How to Determine the Author’s Point of View for the GED RLA

By Achim K. Krull, Murray Shukyn

The GED Reasoning Through Language Arts test will have some questions directed at the author’s point of view. Some writing is aimed at persuading the reader or presenting different points of view. Sometimes the points of view are very clear in opening statements; other times the point(s) of view are less obvious. Editorials and columns, both in print and in electronic media are certainly designed to promote a particular point of view.

When reading such material, ask yourself, “What is the author trying to accomplish?” or “What side of this issue is the author trying to convince me to agree with?” Here’s an example from a statement by President Harry S. Truman, August 6, 1945, after the dropping of the atomic bomb in Hiroshima.

Sixteen hours ago an American airplane dropped one bomb on [Hiroshima]and destroyed its usefulness to the enemy. That bomb had more power than 20,000 tons of TNT. It had more than 20,000 times the blast power of the British “Grand Slam,” which is the largest bomb ever yet used in the history of warfare.

The Japanese began the war from the air at Pearl Harbor. They have been repaid many fold. And the end is not yet. With this bomb we have now added a new and revolutionary increase in destruction to supplement the growing power of our armed forces. In their present form these bombs are now in production and even more powerful forms are in development.

It is an atomic bomb. It is a harnessing of the basic power of the universe. The force from which the sun draws its power has been loosed against those who brought war to the Far East.

Before 1939, it was the accepted belief of scientists that it was theoretically possible to release atomic energy. But no one knew any practical method of doing it. By 1942, however, we knew that the Germans were working feverishly to find a way to add atomic energy to the other engines of war with which they hoped to enslave the world. But they failed. We may be grateful to Providence that the Germans got the V-1s and the V-2s late and in limited quantities and even more grateful that they did not get the atomic bomb at all.

At first reading, this memo is a straightforward account of the use and utility of the atomic bomb. Upon a second, closer reading, however, you may begin to see that this passage is actually trying subtly to persuade you of a certain point of view.

What is the implication of the sentences “They have been repaid many fold. And the end is not yet.”?

  • (A) America is more powerful than Japan.

  • (B) If Japan doesn’t surrender, America will continue its assault.

  • (C) It all started with Pearl Harbor.

  • (D) America is getting even with Japan.

Choices (A), (B), and (C) may all be considered correct; however, Choice (B) is the most correct answer because the two sentences quoted imply that even though America has gotten the upper hand, it will continue to attack Japan as long as the war continues.
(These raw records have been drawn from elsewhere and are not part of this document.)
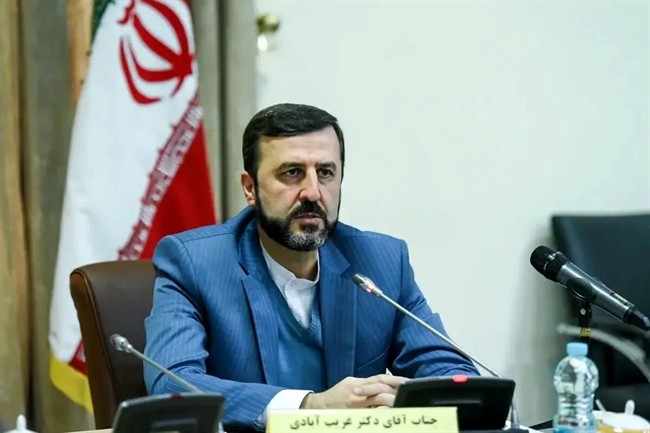 غریب‌آبادی: مردم ایران هرگز تسلیم نخواهند شد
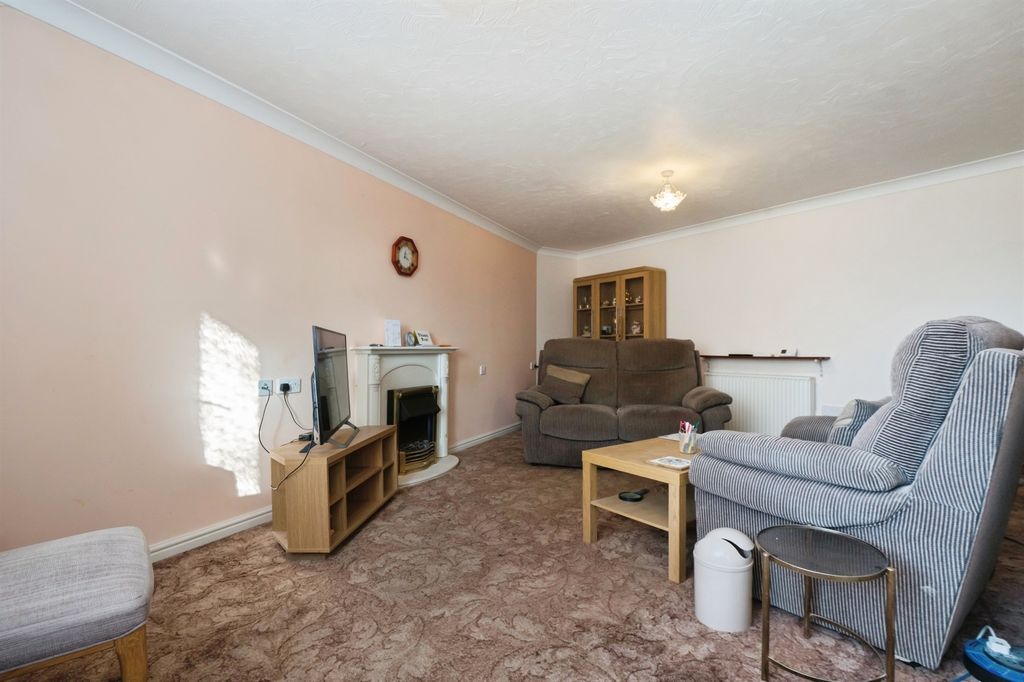 Additional image 9 of 1 bed flat for saleOakley Road, Southampton SO16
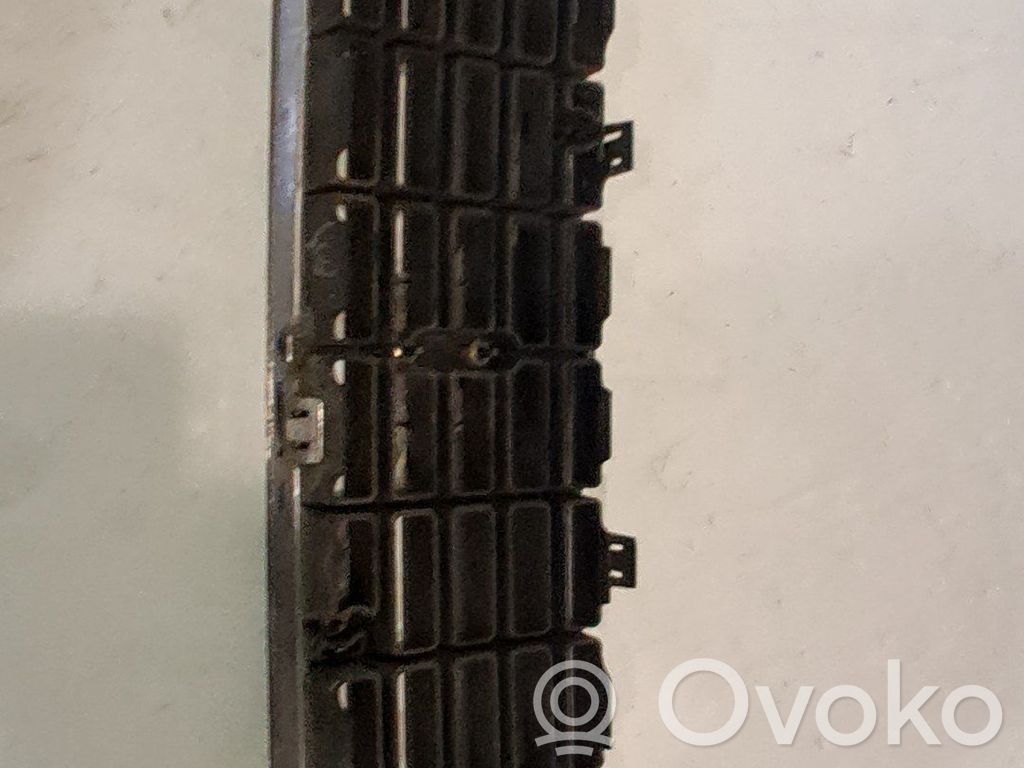 Grilă față   9151881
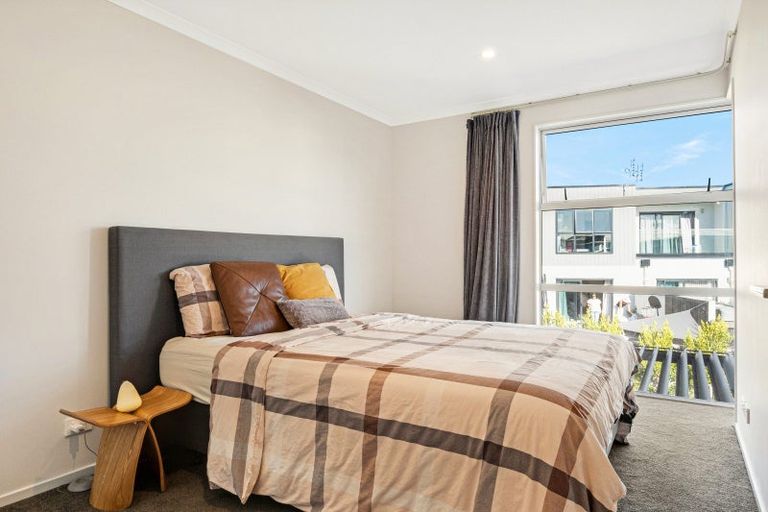 Photo of property in 24 Ian Morrison Road, Hobsonville, Auckland, 0616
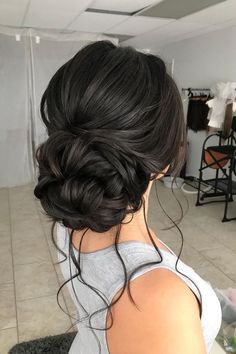 Siete alla ricerca di un'acconciatura straordinaria per valorizzare i vostri capelli neri? Provate questa pettinatura bassa e texturizzata! // Credito fotografico su Instagram @l'amorevole squadra_coa Low Bun Wedding Hair, Black Hair Updo Hairstyles, Low Updo, Formal Hairstyles For Long Hair, Ball Hairstyles, Simple Wedding Hairstyles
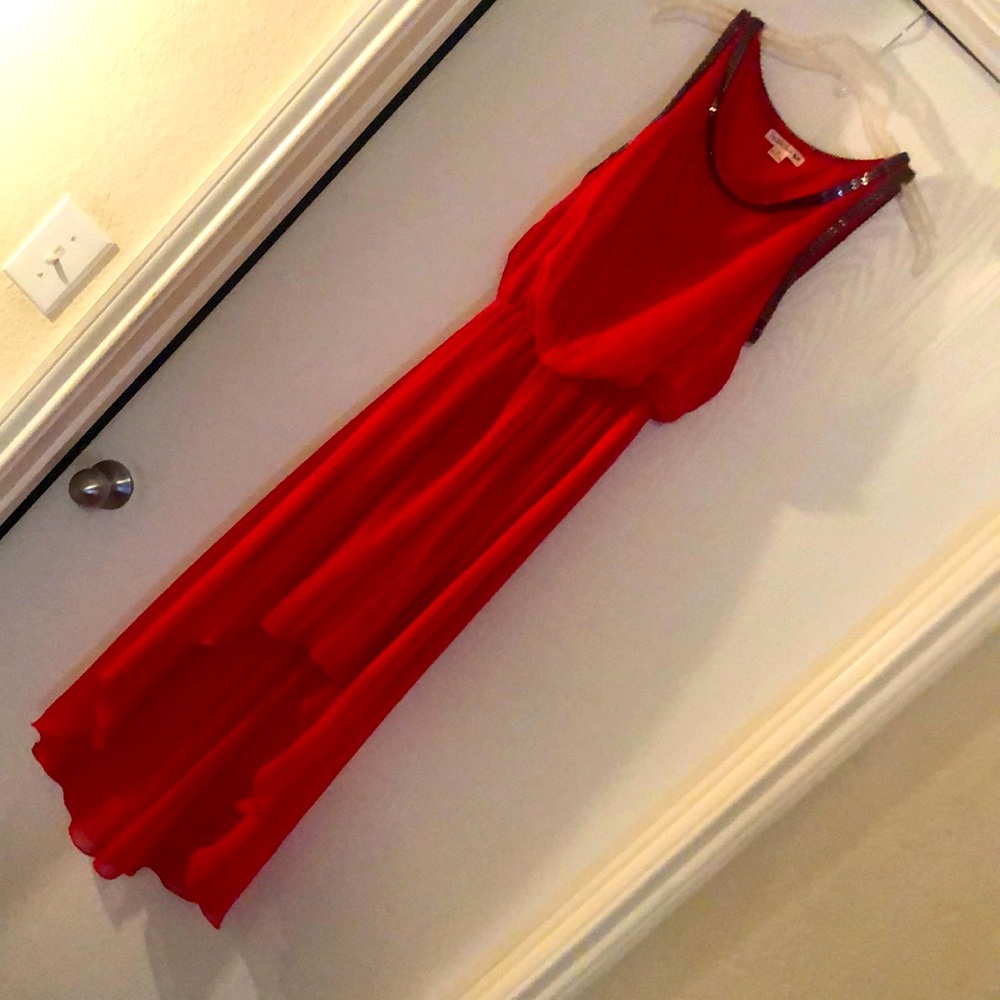 Dress - Picture 2 of 2
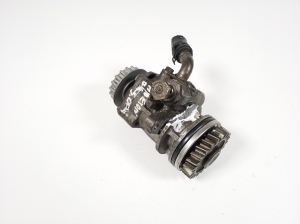 Volkswagen Phaeton (2002–2017) Power steering pump 070145249 - 2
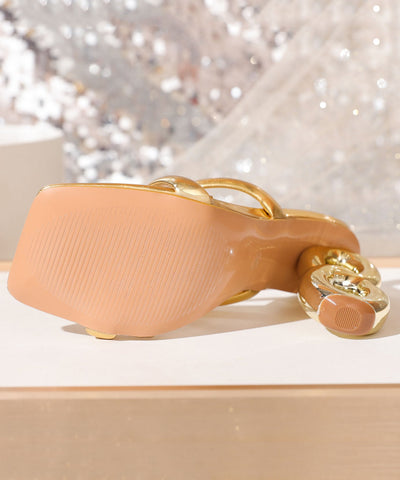 Modische Sandalen mit speziell geformtem Absatz in Gold 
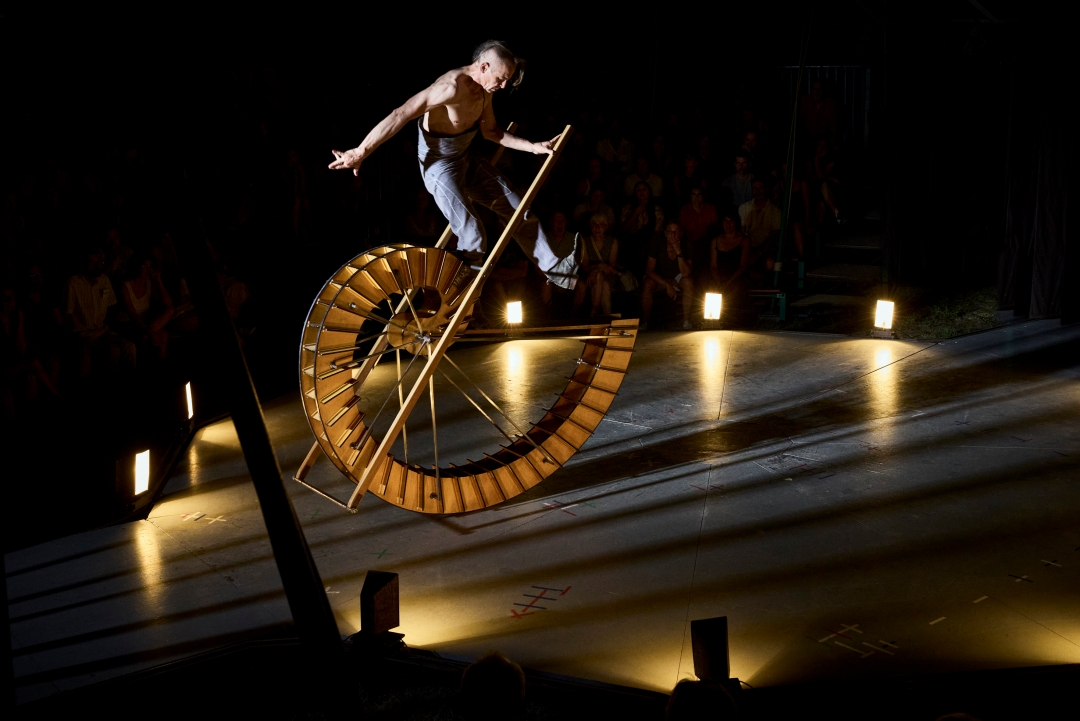Terces - Johann Le Guillerm © Christophe Raynaud de Lage / Festival d'Avignon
Choice (A) is questionable because although the passage supports that America has a more powerful weapon, it doesn’t necessarily prove that America is more powerful overall.

Choice (C) is a true statement but an incorrect answer because the passage states that Japan started the war by attacking Pearl Harbor; the sentences quoted in the question don’t imply so.

Choice (D) is incorrect because the sentences quoted indicate that America has already gotten more than even with Japan. Though the bombing itself may be considered payback, the sentence “And the end is not yet” implies that more is to come. (And it did. Three days after the bombing of Hiroshima, the United States dropped another atomic bomb on Nagasaki, prompting Japan’s unconditional surrender.)